MATERIAL FOR THE TASK:

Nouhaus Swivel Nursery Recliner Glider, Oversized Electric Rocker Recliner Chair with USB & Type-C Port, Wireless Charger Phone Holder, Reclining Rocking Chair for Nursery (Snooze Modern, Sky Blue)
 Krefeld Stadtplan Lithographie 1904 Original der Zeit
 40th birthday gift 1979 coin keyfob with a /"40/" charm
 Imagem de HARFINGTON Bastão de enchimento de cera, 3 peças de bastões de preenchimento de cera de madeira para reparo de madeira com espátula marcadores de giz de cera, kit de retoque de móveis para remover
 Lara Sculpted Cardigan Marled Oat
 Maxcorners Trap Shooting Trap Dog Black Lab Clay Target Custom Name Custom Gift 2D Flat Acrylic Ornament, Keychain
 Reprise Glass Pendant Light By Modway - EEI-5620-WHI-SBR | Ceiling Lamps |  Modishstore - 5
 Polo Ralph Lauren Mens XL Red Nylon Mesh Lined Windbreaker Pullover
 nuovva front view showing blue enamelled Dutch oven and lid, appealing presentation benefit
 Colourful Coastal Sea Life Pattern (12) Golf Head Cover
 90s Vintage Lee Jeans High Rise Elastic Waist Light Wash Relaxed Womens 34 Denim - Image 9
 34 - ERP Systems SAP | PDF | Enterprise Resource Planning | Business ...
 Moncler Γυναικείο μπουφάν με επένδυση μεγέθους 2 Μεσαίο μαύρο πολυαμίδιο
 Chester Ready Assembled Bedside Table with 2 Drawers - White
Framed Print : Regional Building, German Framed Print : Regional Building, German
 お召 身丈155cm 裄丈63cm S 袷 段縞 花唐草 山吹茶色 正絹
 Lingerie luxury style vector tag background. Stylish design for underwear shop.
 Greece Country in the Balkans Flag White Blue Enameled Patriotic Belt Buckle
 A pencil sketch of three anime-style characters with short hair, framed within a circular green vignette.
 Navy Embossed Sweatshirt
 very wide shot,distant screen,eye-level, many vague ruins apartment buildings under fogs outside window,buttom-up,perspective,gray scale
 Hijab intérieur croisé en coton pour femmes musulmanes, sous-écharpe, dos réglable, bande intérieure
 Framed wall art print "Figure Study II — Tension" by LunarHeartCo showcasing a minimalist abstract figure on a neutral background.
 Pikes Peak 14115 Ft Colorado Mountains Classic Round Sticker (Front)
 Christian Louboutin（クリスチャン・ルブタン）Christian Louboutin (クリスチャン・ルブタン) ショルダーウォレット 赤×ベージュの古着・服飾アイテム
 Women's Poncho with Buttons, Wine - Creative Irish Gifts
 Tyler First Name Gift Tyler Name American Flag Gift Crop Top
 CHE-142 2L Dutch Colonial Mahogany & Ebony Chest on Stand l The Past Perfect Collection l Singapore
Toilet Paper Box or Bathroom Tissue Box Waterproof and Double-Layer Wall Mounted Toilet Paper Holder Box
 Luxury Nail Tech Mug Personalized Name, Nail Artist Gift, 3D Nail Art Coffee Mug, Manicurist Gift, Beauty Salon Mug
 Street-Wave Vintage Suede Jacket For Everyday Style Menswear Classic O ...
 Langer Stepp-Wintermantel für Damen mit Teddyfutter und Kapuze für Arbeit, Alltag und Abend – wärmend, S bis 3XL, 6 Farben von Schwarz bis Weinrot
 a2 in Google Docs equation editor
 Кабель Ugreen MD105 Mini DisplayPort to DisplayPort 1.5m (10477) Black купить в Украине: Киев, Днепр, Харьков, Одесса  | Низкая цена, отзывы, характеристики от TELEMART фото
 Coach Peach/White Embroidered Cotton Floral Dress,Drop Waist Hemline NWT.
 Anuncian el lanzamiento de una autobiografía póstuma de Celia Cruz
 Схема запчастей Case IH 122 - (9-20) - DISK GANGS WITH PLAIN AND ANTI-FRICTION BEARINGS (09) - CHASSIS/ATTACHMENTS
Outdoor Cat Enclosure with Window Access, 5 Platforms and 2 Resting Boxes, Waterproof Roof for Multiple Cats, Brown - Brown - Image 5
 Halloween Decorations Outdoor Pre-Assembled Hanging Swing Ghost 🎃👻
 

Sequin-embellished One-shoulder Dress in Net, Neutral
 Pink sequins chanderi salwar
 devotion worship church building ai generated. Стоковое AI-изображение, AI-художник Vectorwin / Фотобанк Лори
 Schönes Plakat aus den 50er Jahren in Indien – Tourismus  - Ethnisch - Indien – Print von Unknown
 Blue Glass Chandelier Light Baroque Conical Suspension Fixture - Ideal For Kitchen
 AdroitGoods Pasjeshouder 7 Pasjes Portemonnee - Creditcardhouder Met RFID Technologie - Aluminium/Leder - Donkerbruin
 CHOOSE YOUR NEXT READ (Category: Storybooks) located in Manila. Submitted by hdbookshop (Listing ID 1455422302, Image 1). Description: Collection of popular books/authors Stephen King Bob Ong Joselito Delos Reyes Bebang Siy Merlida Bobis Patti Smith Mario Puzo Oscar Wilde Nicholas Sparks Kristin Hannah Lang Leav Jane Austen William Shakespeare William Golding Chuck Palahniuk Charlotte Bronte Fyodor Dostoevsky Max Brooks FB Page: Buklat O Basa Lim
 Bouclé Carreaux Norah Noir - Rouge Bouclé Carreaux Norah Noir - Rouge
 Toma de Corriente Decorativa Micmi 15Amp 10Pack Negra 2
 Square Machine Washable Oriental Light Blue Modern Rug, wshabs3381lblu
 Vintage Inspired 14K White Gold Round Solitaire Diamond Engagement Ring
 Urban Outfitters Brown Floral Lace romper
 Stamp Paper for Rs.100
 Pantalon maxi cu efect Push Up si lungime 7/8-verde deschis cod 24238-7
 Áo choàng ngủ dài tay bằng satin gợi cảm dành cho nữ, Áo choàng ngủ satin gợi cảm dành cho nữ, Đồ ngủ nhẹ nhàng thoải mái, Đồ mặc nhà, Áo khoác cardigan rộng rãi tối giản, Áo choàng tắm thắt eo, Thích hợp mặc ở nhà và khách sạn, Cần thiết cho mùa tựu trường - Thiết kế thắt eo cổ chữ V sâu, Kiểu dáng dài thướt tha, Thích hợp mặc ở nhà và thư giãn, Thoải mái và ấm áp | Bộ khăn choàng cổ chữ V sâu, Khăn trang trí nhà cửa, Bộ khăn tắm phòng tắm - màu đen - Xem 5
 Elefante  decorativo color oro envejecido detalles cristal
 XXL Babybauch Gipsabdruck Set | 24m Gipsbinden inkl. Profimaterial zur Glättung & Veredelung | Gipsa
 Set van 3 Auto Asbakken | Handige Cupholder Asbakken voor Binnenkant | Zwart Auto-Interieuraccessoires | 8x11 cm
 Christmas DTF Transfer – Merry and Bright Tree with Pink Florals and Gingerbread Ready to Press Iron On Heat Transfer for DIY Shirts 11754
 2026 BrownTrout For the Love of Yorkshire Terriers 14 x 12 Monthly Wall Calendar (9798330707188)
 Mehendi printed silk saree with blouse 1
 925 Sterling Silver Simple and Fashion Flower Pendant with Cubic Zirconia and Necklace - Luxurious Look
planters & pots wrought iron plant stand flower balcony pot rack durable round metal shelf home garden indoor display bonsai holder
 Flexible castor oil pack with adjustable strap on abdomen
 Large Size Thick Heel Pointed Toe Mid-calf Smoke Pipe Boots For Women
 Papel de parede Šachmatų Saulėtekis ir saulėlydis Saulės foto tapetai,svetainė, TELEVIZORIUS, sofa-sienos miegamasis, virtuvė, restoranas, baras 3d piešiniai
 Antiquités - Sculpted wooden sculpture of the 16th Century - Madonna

PROBLEM DESCRIPTION:
Taking the lines above one at a time, give the number of them that contain the string "Classic". Add nothing else.

OUTPUT FOR THIS TASK:
2